一般社団法人全国手をつなぐ育成会連合会 |
コラムをご愛読の皆さま、こんにちは。
私は(一社)全国手をつなぐ育成会連合会(以下「本会」という。)の常務理事兼事務局長 又村あおい と申します。全育連の事務局業務のほか、主に知的・発達障害領域の施策に関する政策提言や要望活動を担当しています。
今年の4月から、障害者総合支援法と児童福祉法の改正が施行され、あわせて障害児者福祉サービスの報酬が改定されました。今回の報酬改定では、知的・発達障害のある人や子ども(以下、知的障害者)への直接的な影響が見込まれる分野が多数あります。障害福祉サービス事業所の運営にも影響が大きい部分を中心に、今回と次回でご紹介いたします。
本題へ入る前に、そもそも「報酬改定」とは何か、簡単に把握しておきましょう。知的障害者が利用する各種の福祉サービスは、提供した支援(サービス)に応じた「報酬」が設定されています。たとえば、家事を手伝うヘルパー(家事援助)を1時間提供すると、報酬は約2,400円となります。通常はこのうち1割が利用者負担となりますが、収入の中心が障害基礎年金(住民税が非課税)となっている知的障害者の場合には、利用者負担が免除されています。
このように、国が定めるさまざまなサービスを提供すると「基本報酬」が支払われ、たとえば専門職が配置されていたり、より手厚い職員配置だったりすると各種の「加算」が上乗せされる仕組みになっています。ほとんどのサービスは基本報酬だけで運営することが難しく、事業所側としてはできるだけ加算を算定できるように工夫することとなりますが、加算に関しては国が政策的に強化したい分野に重点配分されていることが多く、このことが知的障害者の暮らしぶりに影響するわけです。報酬改定の細かい内容に関心のある方は、特に加算の部分へ注目してみると国が重視する方向性が見えてくると思います。
以下、今回の法改正、報酬改定において知的障害者への影響が予想される分野を重点的にご紹介します。あわせて、最新の障害福祉サービス一覧もご参照ください。

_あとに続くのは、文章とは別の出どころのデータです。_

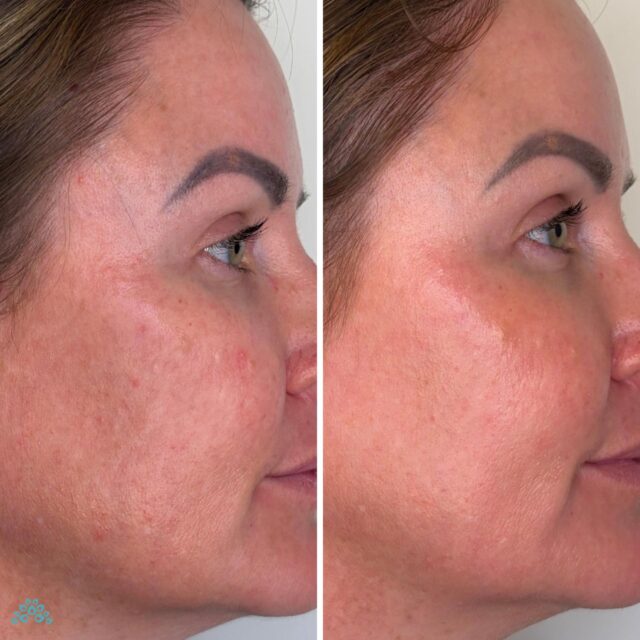 Cosmo Peel Forte in Noosaville on the Sunshine Coast: Advanced peel for sun‑damaged, pigmented and textured skin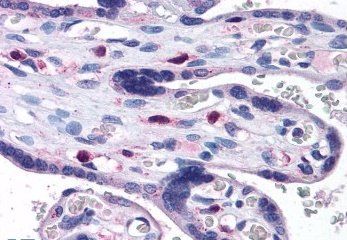SNX16 Antibody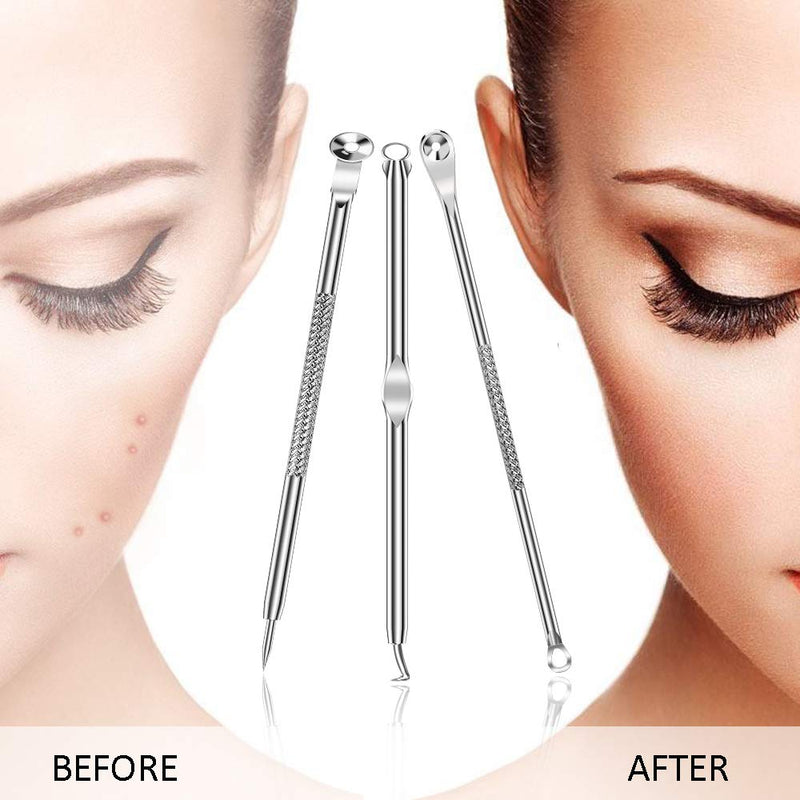 [Australia] - 6PCS Dual Heads Blackhead Remover, Pimple Comedone Extractor, Acne Whitehead Blemish Removal Kit, Premium Stainless Steel, Risk Free For Face Skin, With Portable Box 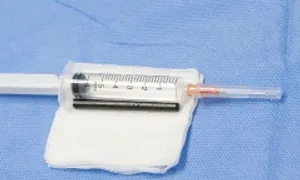 Phẫu thuật rút chiếc đũa đâm xuyên mắt người đàn ông Phẫu thuật rút chiếc đũa đâm xuyên mắt người đàn ông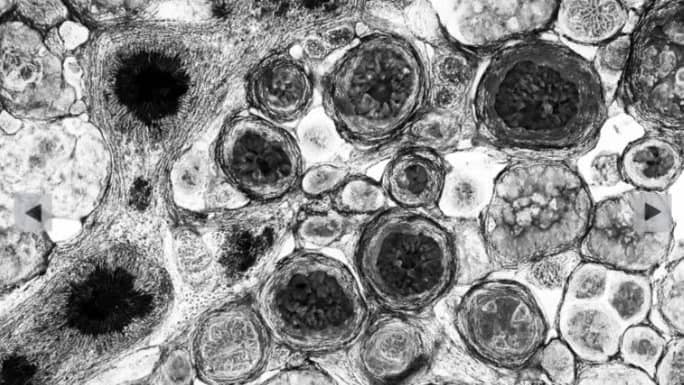 Tertulia: Los virus, héroes y villanos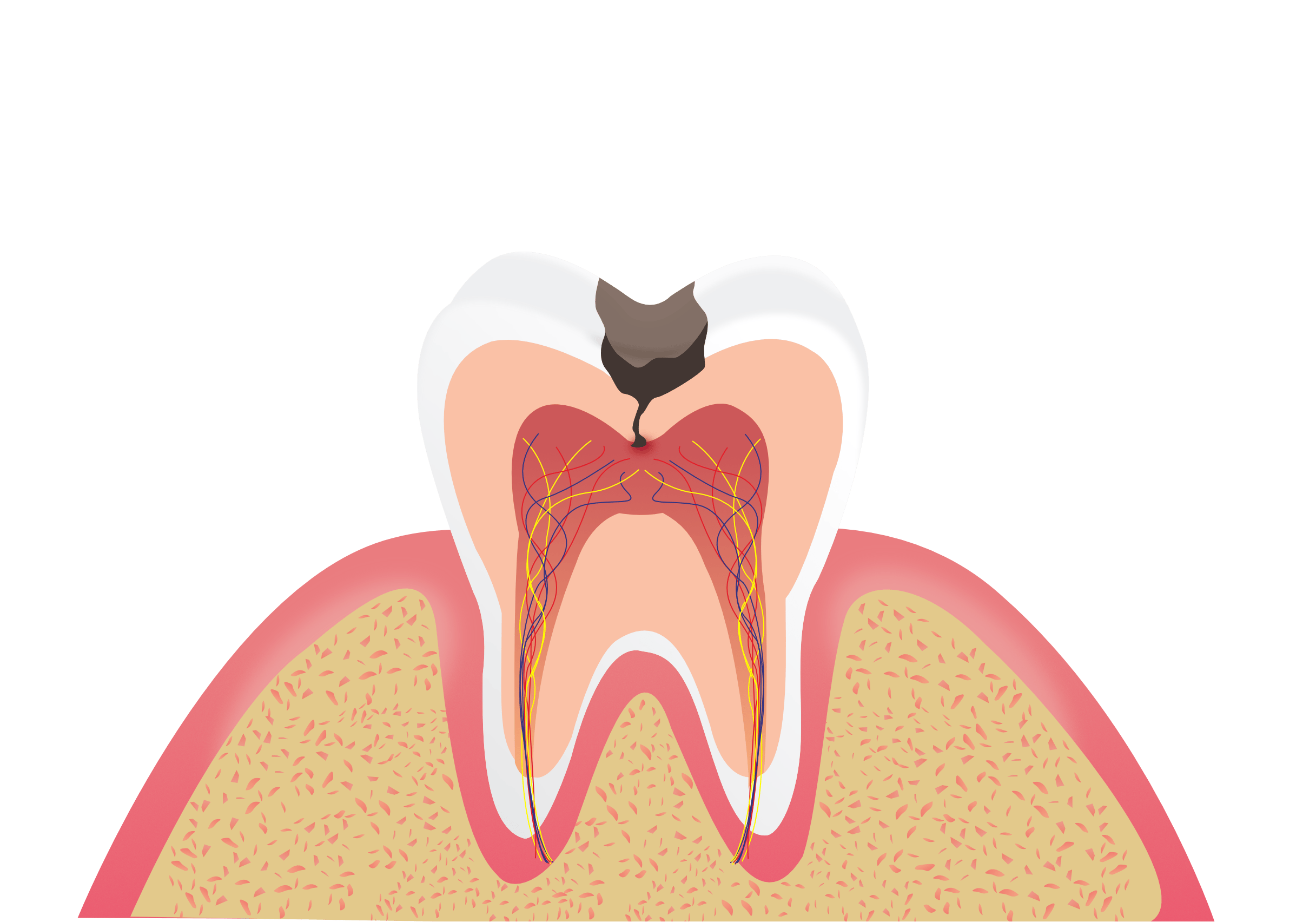 龋齿常识-京东健康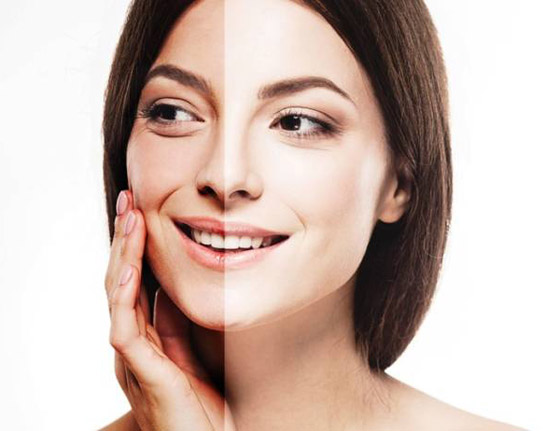 إليكم أفضل ماسك لإزالة آثار حروق الشمس صورة رقم 3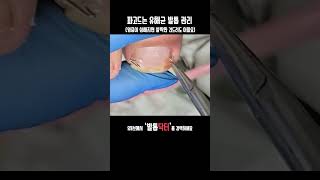 🔨내성 발톱🔨가족이 다 감염될 수 있습니다 😭 발톱닥터 내성발톱 내성발톱교정 내성발톱관리 지축역 [upl. by Horvitz]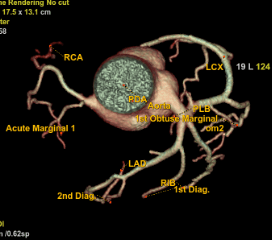Cardiac 12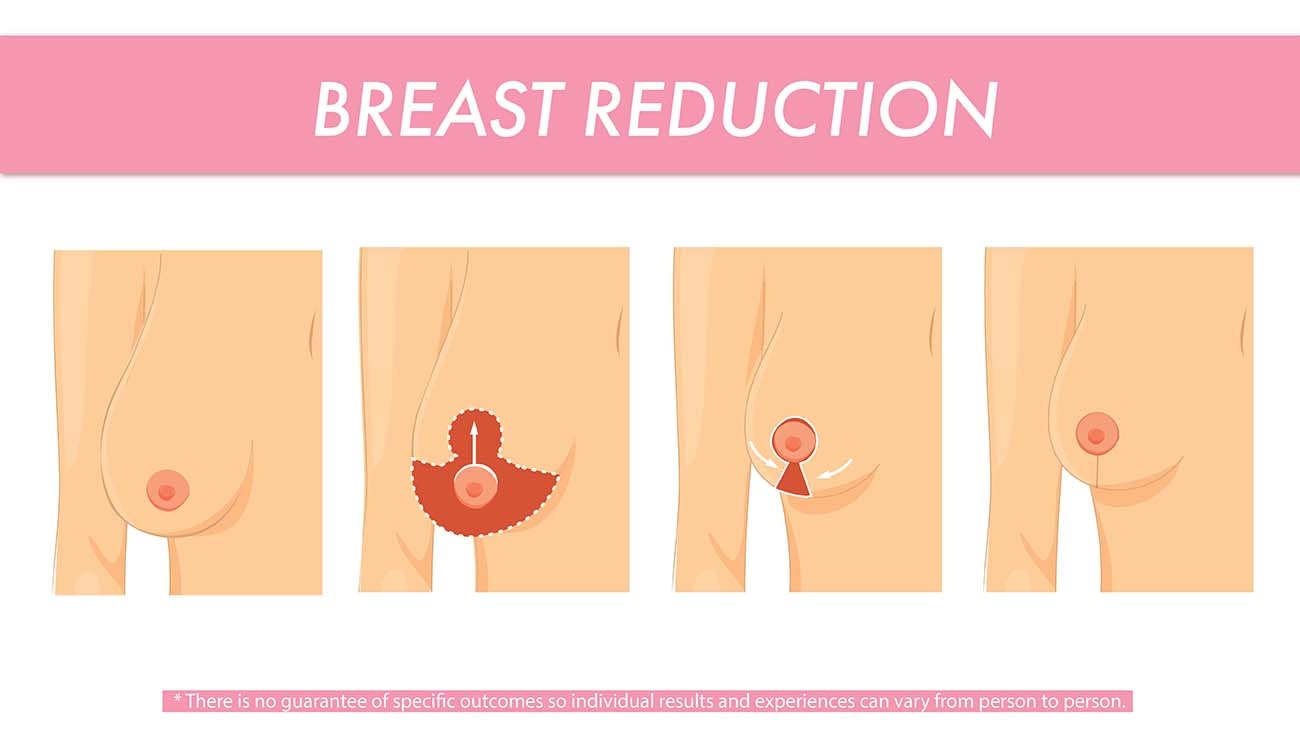 Breast Reduction Diagram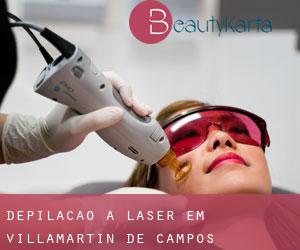 Depilação a laser em Villamartín de Campos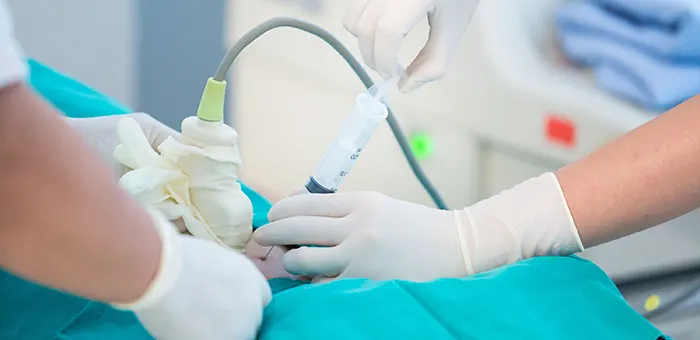 Procedimiento de amniocentesis 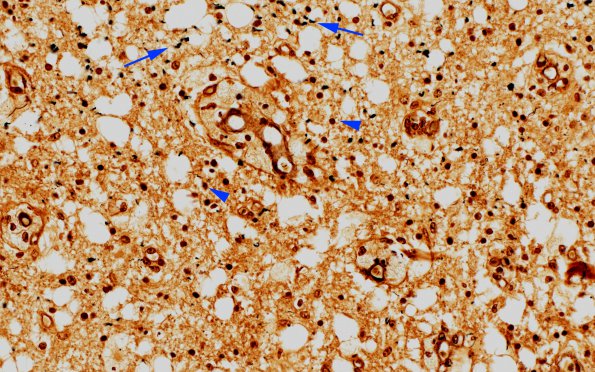 1G12 (Case 1) Area A Spinal cord Biels 40X copy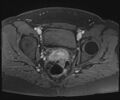 Class II Mullerian duct anomaly- unicornuate uterus with rudimentary horn and non-communicating cavity (Radiopaedia 39441-41755 Axial T1 fat sat 89).jpg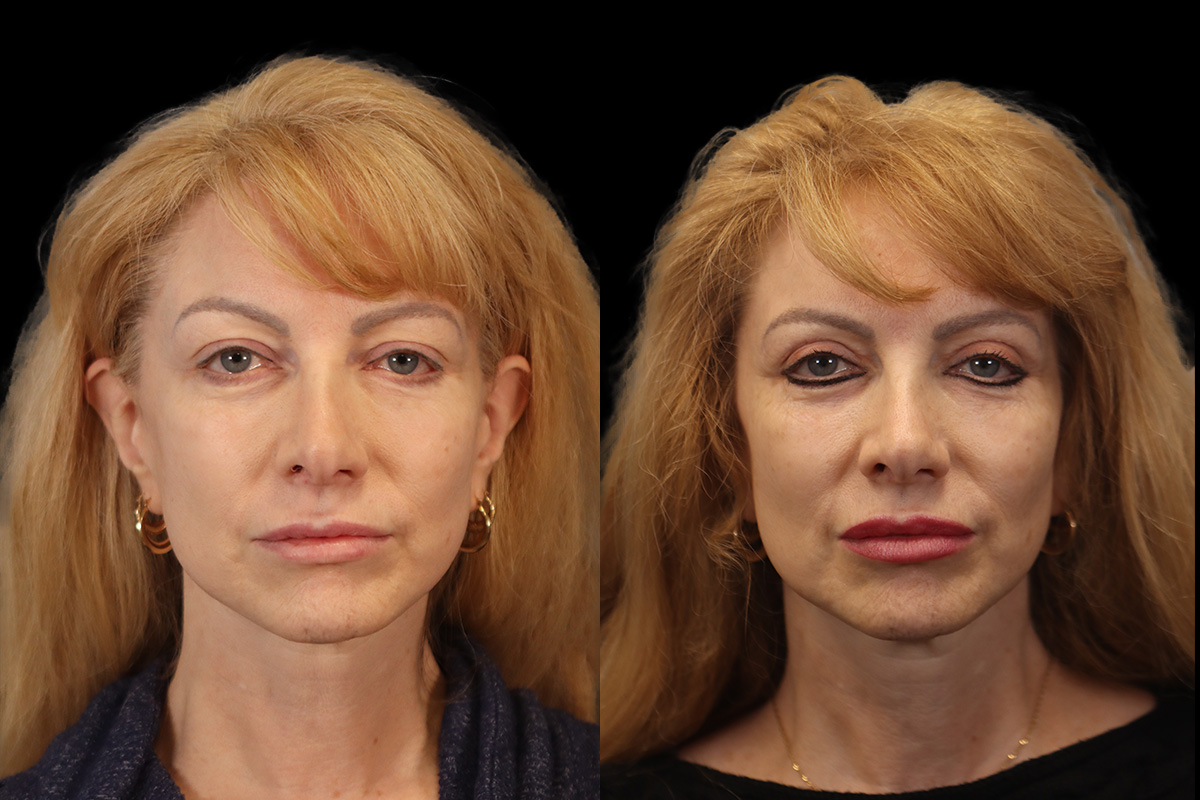 Blepharoplasty - Preoperative View | Sistine Facial Plastic Surgery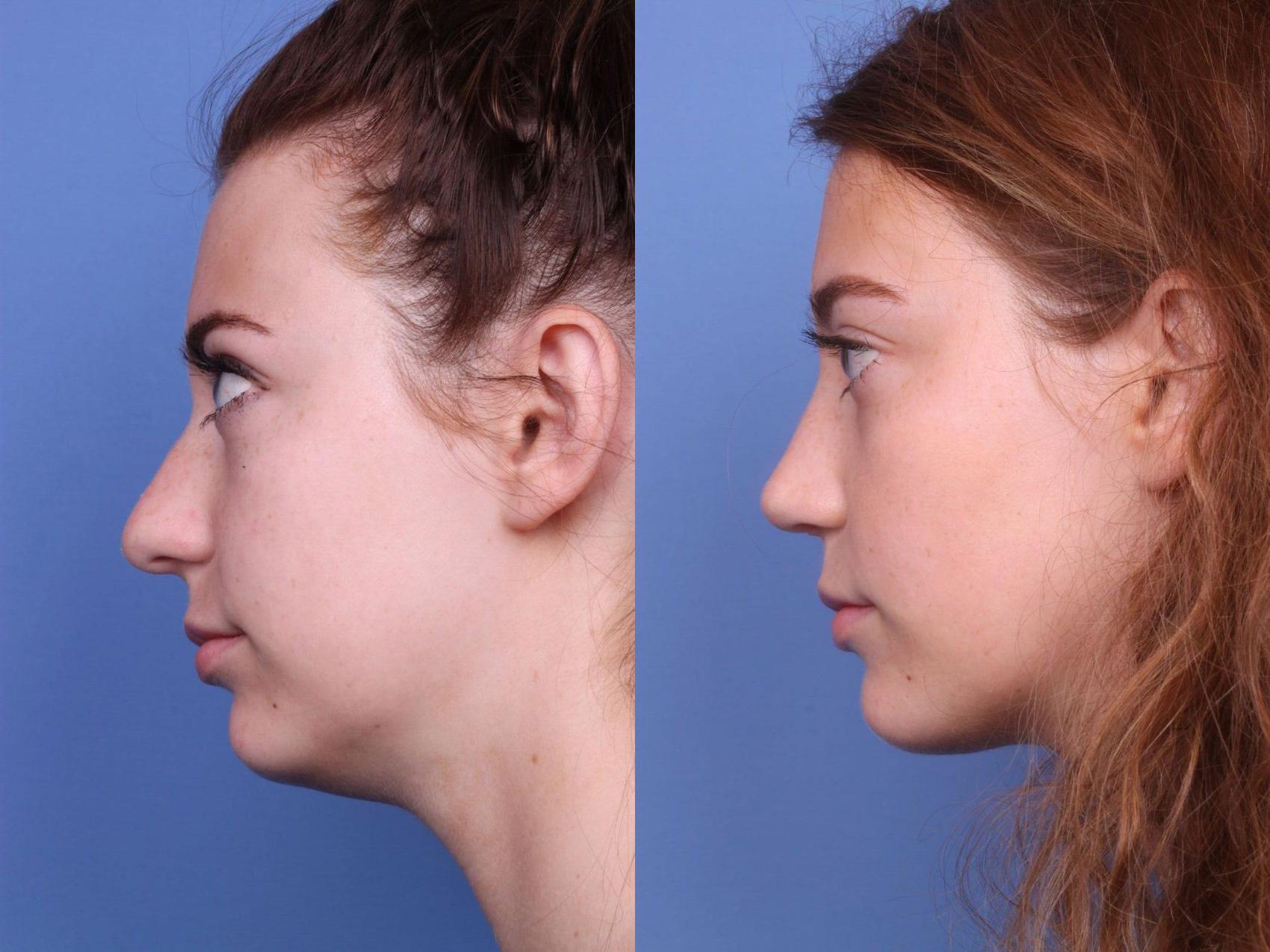 Before & After Rhinoplasty Case 45 View #2 View in Scottsdale, AZ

参考資料:障害児・者福祉サービス一覧(PDF)ダウンロード
通所サービスにおける昼食費用を軽減する食事提供体制加算については、今回の報酬改定議論で存廃が議論されていましたが、最終的には存続となりました。したがって、利用者側としては「今までどおり(食事提供体制加算の対象施設であれば、食材料費相当額で食事を食べられる)」ということになりますが、事業所側からみると話は大きく変わります。
加算の趣旨が大幅に見直され、いわば「食を通じた健康増進加算」といった位置づけとなりました。具体的には、栄養士が献立作成に関わる、適量食べているかを確認する、定期的に体重測定を行うといった取組みをすることで初めて食事提供体制加算が算定できる扱いに変更されています。利用者側としては、食費の軽減とあわせて健康づくりにも役立つ加算となりますので、評価できるといえるでしょう。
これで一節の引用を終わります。